Ukraine: Der Ukraine-Showdown – droht ein Diktatfrieden?
Berlin, Washington. Frieden? Na klar, wenn's weiter nichts ist. Donald Trump gibt sich selbstbewusst: Ein Ende des Ukrainekriegs sei in greifbarer Nähe. „Es gibt nur noch wenige Punkte, in denen Uneinigkeit herrscht“, verkündet der US-Präsident auf seiner Plattform Truth Social. Er werde in der kommenden Woche seinen Sondergesandten Steve Witkoff nach Moskau schicken, um mit Russlands Präsident Wladimir Putin „letzte Unstimmigkeiten“ auszuräumen. Gleichzeitig werde Heeresminister Dan Driscoll mit dem ukrainischen Staatschef in Kiew verhandeln.
Am Ende dieser Gespräche soll ein Friedensschluss zwischen der Ukraine und Russland stehen. Klingt einfach. So einfach, dass sich der Präsident Richtung Florida aufmachte, um den in den USA wichtigen Feiertag Thanksgiving auf seinem Anwesen Mar-a-Lago zu verbringen. Steht ein Friedensschluss oder zumindest eine Waffenruhe also kurz bevor?
Sicher ist nichts. Aber das ebenso energische wie chaotische Agieren der US-Regierung hat eine neue diplomatische Dynamik in Gang gesetzt. Vier Szenarien sind denkbar.
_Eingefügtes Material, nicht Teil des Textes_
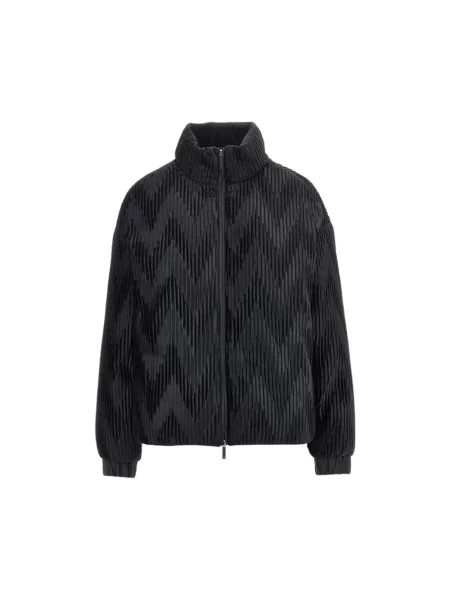 Kurtka puchowa Emporio Armani pikowana czarna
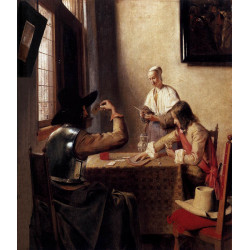 Soldiers playing cards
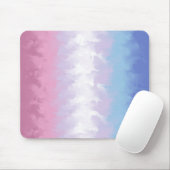 Tapis De Souris Drapeau de fierté bigenre abstrait fluffy pastel b (Avec souris)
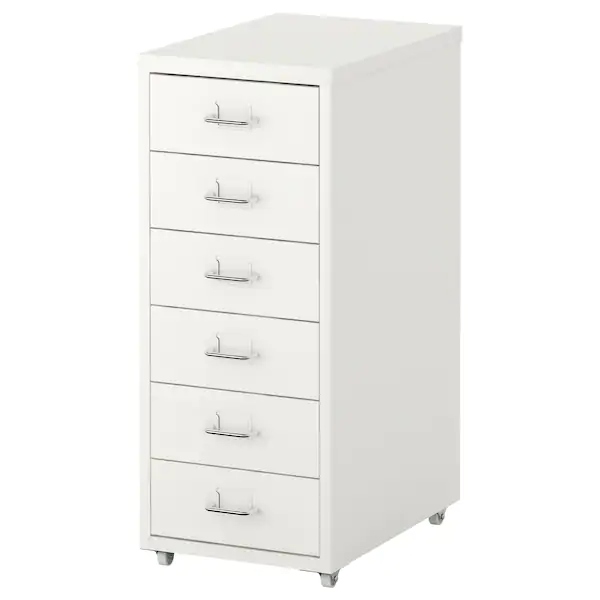 

Ikea Helmer Komoda na kółkach biały 28x69 cm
Szenario 1: Es gibt einen Deal, mit dem alle leben können
Russland hat bisher keines seiner Kriegsziele erreicht. Statt die Ukraine zu unterwerfen, konnte es nur einige Gebiete im Osten des Landes erobern, eine Million russische Soldaten wurden dabei getötet oder verletzt. Sinkende Exporterlöse, vor allem aus dem Geschäft mit Öl und Gas, schränken den Spielraum des Kreml ein. Zudem gelingt es der Ukraine, mit Drohnen und Marschflugkörpern Raffinerien und andere Energieanlagen im russischen Hinterland zu treffen.